Our results revealed that Pi was inversely, while 25(OH)D was directly correlated to FBG. Total Ca showed an inverse correlation with both HbA1c and ACR. This is in agreement with De Schepper et al. (52) who reported that poor blood glucose control has been associated with lower bone mass in adults and adolescents with T1DM but not in children. Also, Chobot et al. (51) reported that osteoporosis as defined by the WHO criteria was diagnosed in 51.2% of T1DM children (at total body by DXA); reduction was significantly more marked in those patients whose HbA1c >7.0% when compared with those whose HbA1c was lower.

Conclusion

To our knowledge, this is on a few the first clinical research that investigates the relationship between adiponectin and bone biochemical and resorption markers in Egyptian children and adolescents with T1DM. Although adiponectin was reported to preserve bone both in vivo and in vitro, we were unable to find any correlation with CTX and the homeostatic indices, which could be attributed to the relatively short duration of T1DM in patients included in our study. CTX was inversely correlated with FBG and T1DM duration.

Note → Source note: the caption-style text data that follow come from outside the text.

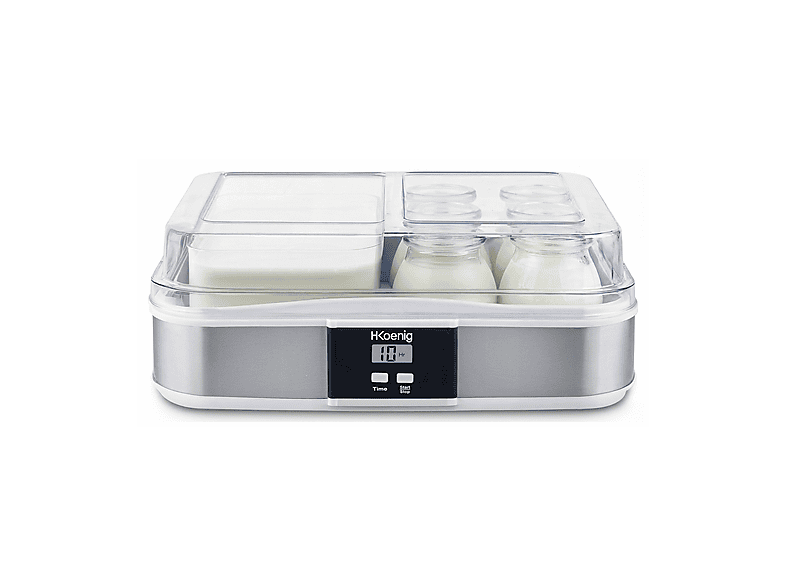 Yogurtiera H.KOENIG ELY120, Potenza 5 W, Contenitore da 2,4 l, 12 vasetti in dotazione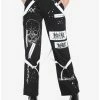Budget 🧨 Black & White Suspender Hi-Rise Carpenter Pants 😉 -HT Style Outlet Store 18501185 hi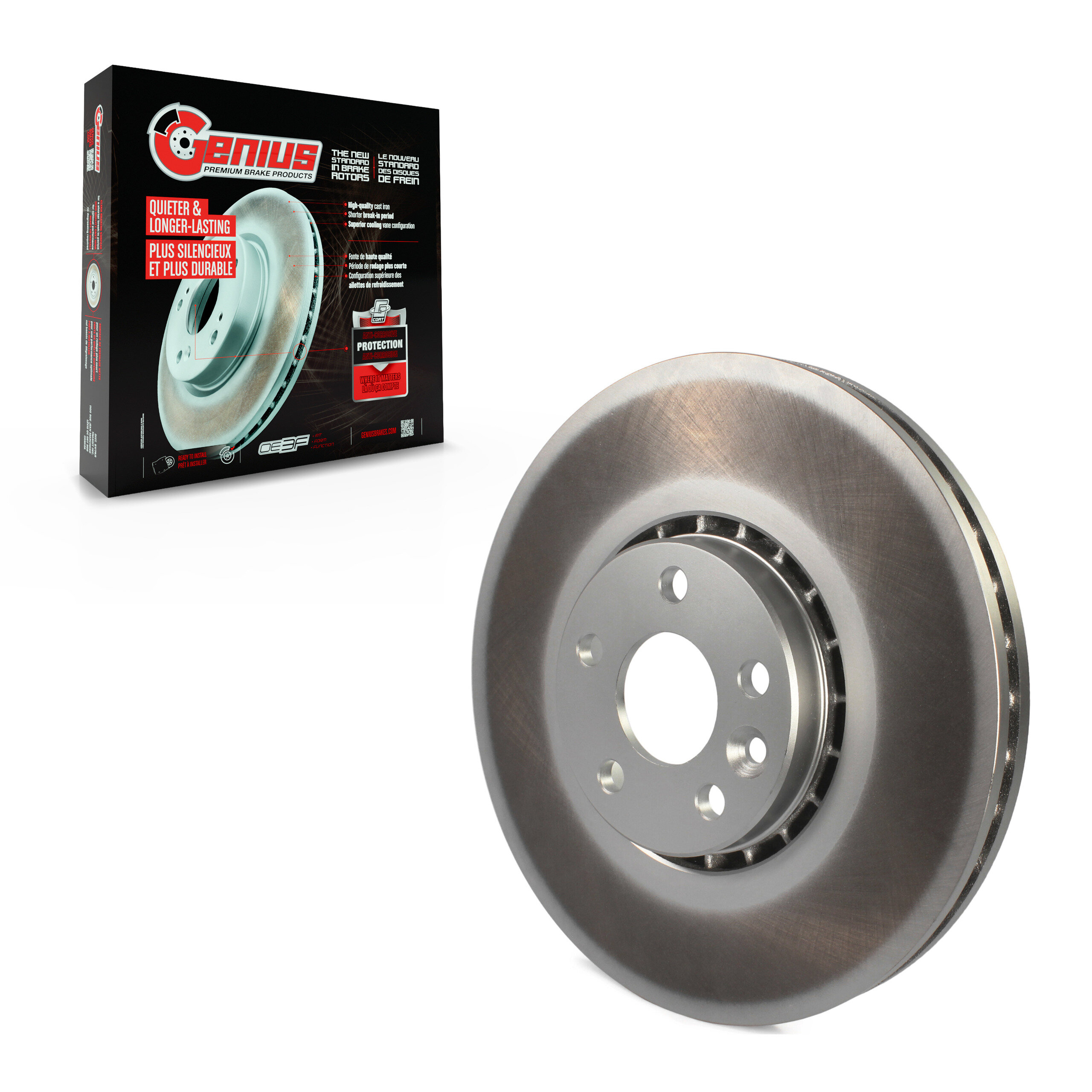 Coated Disc Brake Rotor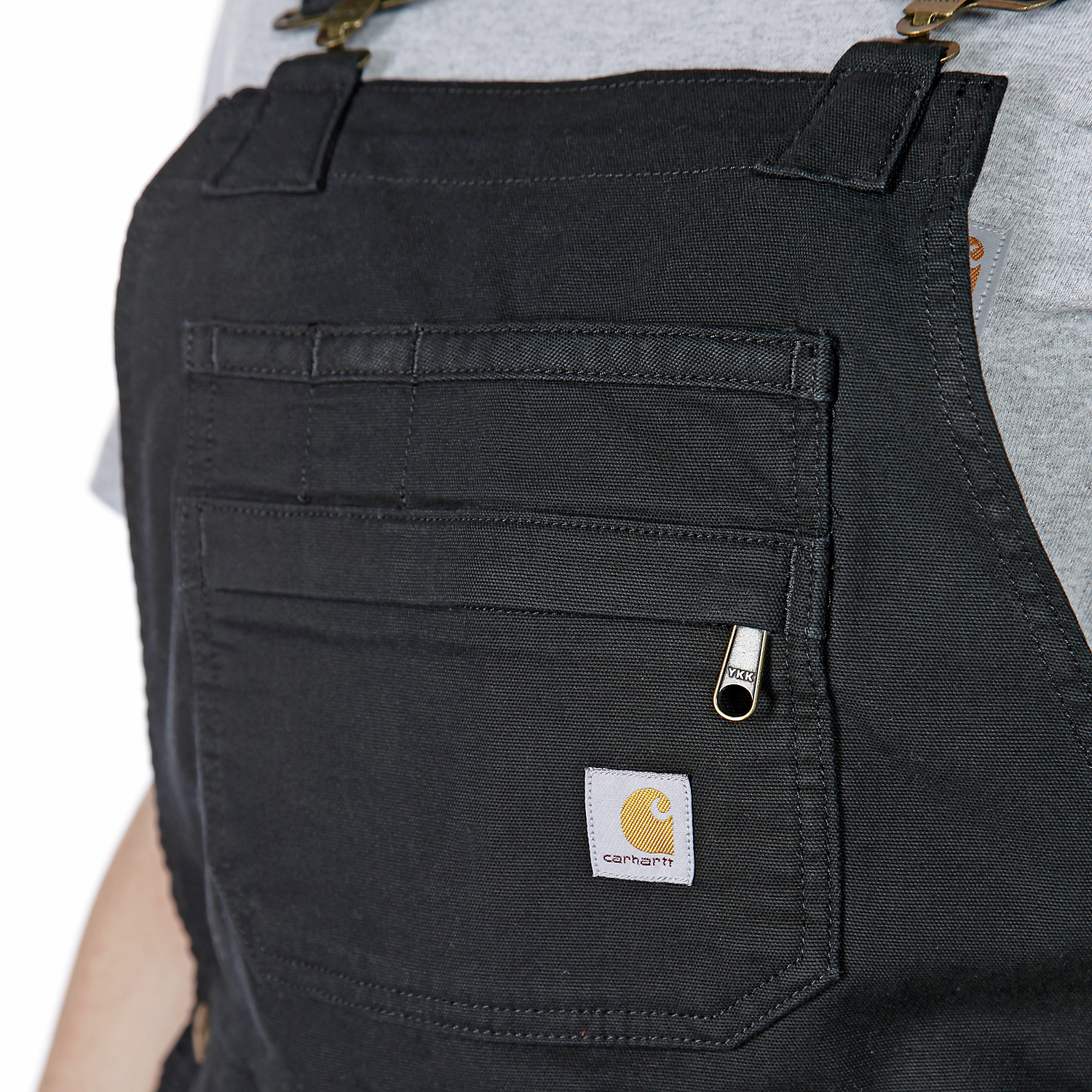 Carhartt Dames Relaxed Fit Canvas Shortall - 106197 Zwart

We recommend further investigation focusing on: (1) CTX, (2) adiponectin isoforms distribution between healthy and diabetics with longer duration of disease, in a large population-based study, to establish good age- and sex-related reference data.

Acknowledgment.

We gratefully thank the staff of the National Institute of Diabetes and Endocrinology (NIDE) for technical support.

Conflict of interest statement

The authors stated that they have no conflicts of interest regarding the publication of this article.